As a practitioner, he did not lose the opportunity of giving to the students and young physicians connected with the establishment clinical lessons. His was distinguished by great simplicity of language, clearness, and a devotion to utility rather than show. In 1843, he collected together, and published in a volume, a few of the most important of his contributions to periodical medical literature. In 1849, his work on infantile therapeutics appeared, and was received well
both at home and abroad.

When a very young man, Beck was elected trustee of the College of Physicians and Surgeons, and censor of the County Medical Society. He later held the offices of vice president and president of the County Medical Society, vice president and then president of the State Medical Society, before which he delivered an inaugural address on the history of American medicine before the Revolution, which was afterwards published. He took an earnest interest in the organization of the New York Academy of Medicine, and was early elected one of its vice presidents, and, subsequently, orator. Failing health compelled him to decline the latter duty.

For the last few years of his life he was a martyr to neuralgia and spasmodic disease from which his sufferings were most intense.

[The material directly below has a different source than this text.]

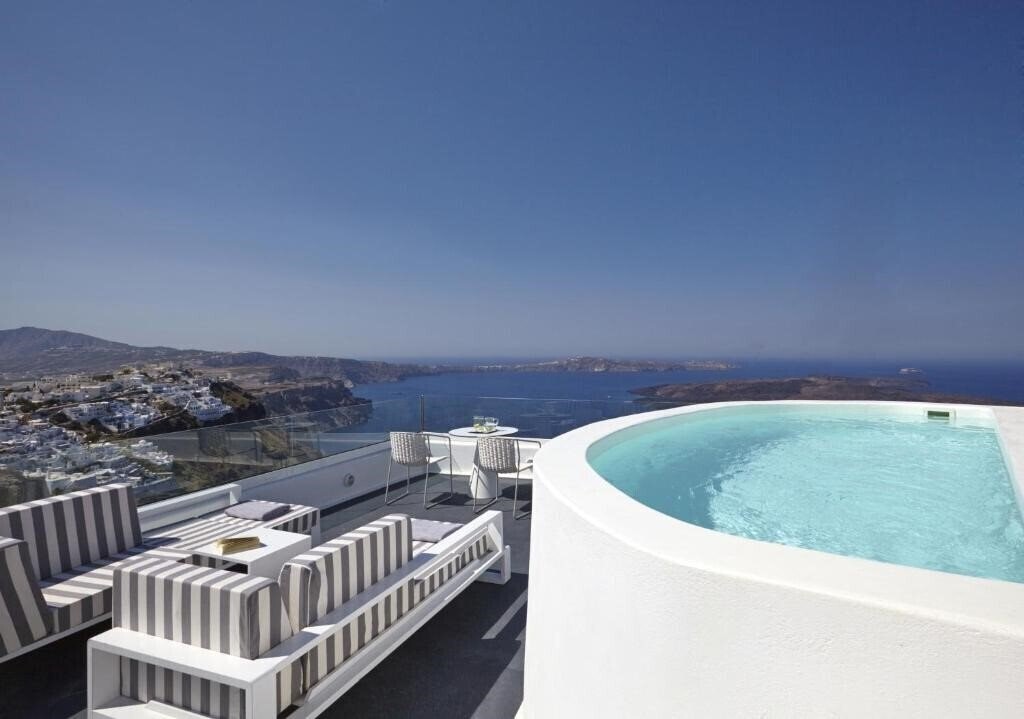 Картинка Dreams Luxury Suites 5*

He continued to visit patients and to lecture in the College till the beginning of the session of 1850–51. His funeral, two days after his death, was attended by almost all the more eminent members of the profession in the city. An address was delivered by the Rev. Dr. Knox, an old friend.

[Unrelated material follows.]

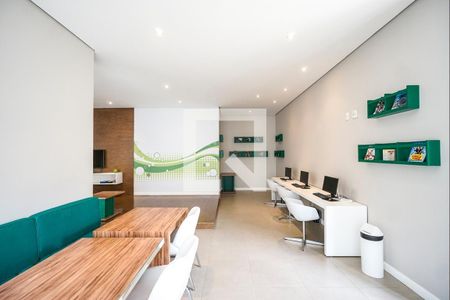 Apartamento à venda com 68m², 2 quartos e 1 vaga Apartamento à venda com 68m², 2 quartos e 1 vagaCondomínio - Salão de Jogos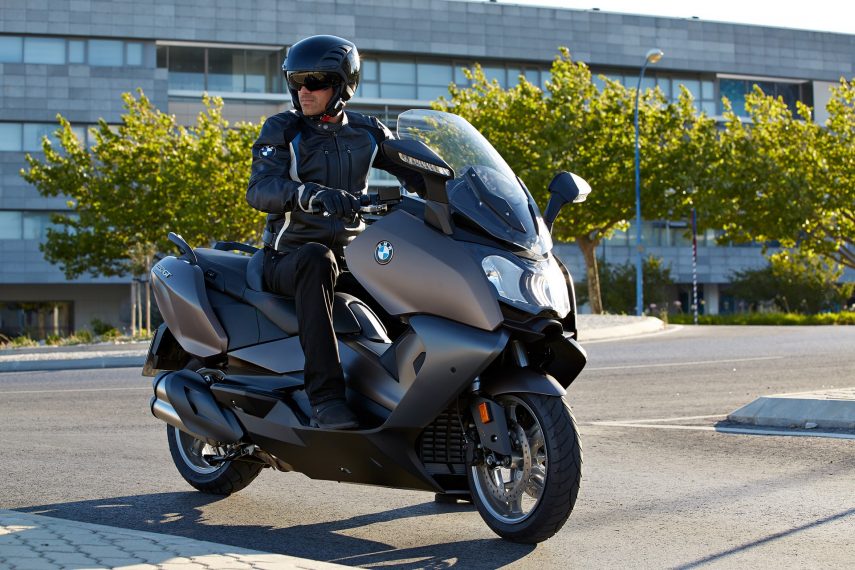 BMW C 650 GT 3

Beck's intellect was characterized by energy: an end being set before him, he pursued it with a vigor, a steadiness of purpose, and a force of will which rarely failed to command success. He also had a clarity of perception: he saw the object presented to his "mind's eye" with all the
distinctness of the most perfect physical vision. This quality was undoubtedly the secret of much of his success as a practitioner of medicine, and a medical writer and teacher. He saw disease just as it was; theories never distorted, nor did prejudice obscure it: all was clear and perfectly distinct from every other object. Having this quality in so eminent a degree, and being both in
English and the classics a thorough scholar, he could not fail, as a teacher, to communicate in words a just and accurate idea of the object before him. So in argument and controversy, he saw the question to be discussed, or the point in dispute clearly; it was perfectly definite to his apprehension, and consequently his arguments neither fell short of, nor flew beyond the point.

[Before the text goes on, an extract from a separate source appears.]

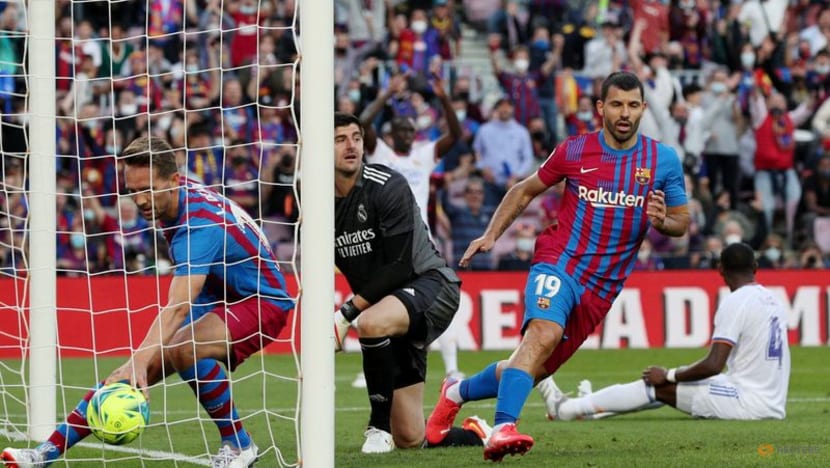 Alaba strike on Clasico debut gives Real Madrid 2-1 win at Barcelona Alaba strike on Clasico debut gives Real Madrid 2-1 win at Barcelona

Beck's success as a teacher has already been noticed. He united qualities often seen apart, that made him both useful and popular. His lectures were clear, precise, and singularly practical: no merely specious theories, no rash generalizations, no loose assertions, found place there; all
was logical, accurate, true. When the lecture was over, with a ready courtesy he answered the questions and solved the doubts of his pupils, and removed, by repeated and varied illustration, the difficulties in the way of their perfect comprehension of a subject.

In regard to personal character, Beck exhibited a steady adherence to principle, an ardent love of truth, an unhesitating, unwavering, almost instinctive preference of the right over the expedient. He was a member of the Reformed Dutch Church, the church of his forefathers.

==Writings==
In addition to his thesis treatise, his major publications include:
- Medical Essays (1843)
- Infant Therapeutics (1849)
- Historical Sketch of the State of Medicine in the Colonies (1850)

==Family==
Beck's mother lived to be 85 and survive four of her sons.
In 1831, John Beck married Anne Tucker, eldest daughter of Fanning C. Tucker,
who, with five children, survived him. Two of Beck's brothers, Theodoric Romeyn Beck
and Lewis Caleb Beck, were distinguished physicians.